Task brief. Give the lines below again exactly, starting with the line that holds "4PCS Gel Eye" and going on through the line that holds "퍼플 네온 시티 게이밍".

Exercise materials.
--------------------
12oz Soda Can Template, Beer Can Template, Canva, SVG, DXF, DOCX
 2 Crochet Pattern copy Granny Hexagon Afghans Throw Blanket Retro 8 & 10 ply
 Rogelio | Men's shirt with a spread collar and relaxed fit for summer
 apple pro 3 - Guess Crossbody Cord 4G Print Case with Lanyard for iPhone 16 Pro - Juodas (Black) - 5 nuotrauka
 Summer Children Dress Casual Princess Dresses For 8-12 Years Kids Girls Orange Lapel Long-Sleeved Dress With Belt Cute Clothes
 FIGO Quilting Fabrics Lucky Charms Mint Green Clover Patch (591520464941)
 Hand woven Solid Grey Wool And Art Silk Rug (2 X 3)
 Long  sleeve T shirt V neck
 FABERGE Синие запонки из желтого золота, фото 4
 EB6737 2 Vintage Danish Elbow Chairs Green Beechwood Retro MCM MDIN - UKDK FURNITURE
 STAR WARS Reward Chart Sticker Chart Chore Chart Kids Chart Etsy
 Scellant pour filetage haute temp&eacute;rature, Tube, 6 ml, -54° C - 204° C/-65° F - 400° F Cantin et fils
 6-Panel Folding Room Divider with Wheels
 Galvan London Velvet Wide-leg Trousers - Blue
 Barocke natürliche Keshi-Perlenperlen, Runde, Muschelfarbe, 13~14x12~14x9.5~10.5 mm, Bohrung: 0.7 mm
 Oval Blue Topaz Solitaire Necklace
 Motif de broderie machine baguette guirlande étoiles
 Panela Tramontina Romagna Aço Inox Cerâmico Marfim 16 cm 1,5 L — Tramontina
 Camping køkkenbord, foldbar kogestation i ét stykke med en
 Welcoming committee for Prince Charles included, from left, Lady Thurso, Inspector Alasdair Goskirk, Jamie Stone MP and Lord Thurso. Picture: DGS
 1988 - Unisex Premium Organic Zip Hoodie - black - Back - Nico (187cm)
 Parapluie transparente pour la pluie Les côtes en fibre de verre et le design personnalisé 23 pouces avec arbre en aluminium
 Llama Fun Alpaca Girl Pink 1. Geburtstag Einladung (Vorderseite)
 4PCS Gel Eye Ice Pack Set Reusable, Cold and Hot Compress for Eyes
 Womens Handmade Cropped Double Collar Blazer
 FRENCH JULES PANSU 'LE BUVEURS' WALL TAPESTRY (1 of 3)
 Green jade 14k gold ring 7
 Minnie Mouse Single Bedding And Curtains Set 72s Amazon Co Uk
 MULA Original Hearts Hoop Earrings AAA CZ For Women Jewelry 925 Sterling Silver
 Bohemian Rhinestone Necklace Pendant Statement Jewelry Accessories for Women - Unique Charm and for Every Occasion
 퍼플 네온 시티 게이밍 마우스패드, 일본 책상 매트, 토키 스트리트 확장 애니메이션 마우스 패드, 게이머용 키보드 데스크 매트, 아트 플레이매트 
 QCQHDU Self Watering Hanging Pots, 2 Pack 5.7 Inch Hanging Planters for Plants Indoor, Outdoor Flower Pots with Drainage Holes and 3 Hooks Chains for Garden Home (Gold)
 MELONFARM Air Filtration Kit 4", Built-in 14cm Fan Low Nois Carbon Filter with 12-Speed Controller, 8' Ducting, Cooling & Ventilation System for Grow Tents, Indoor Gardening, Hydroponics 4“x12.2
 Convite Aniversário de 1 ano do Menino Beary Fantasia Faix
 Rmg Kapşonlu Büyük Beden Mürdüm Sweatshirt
--------------------
The answer.
 4PCS Gel Eye Ice Pack Set Reusable, Cold and Hot Compress for Eyes
 Womens Handmade Cropped Double Collar Blazer
 FRENCH JULES PANSU 'LE BUVEURS' WALL TAPESTRY (1 of 3)
 Green jade 14k gold ring 7
 Minnie Mouse Single Bedding And Curtains Set 72s Amazon Co Uk
 MULA Original Hearts Hoop Earrings AAA CZ For Women Jewelry 925 Sterling Silver
 Bohemian Rhinestone Necklace Pendant Statement Jewelry Accessories for Women - Unique Charm and for Every Occasion
 퍼플 네온 시티 게이밍 마우스패드, 일본 책상 매트, 토키 스트리트 확장 애니메이션 마우스 패드, 게이머용 키보드 데스크 매트, 아트 플레이매트 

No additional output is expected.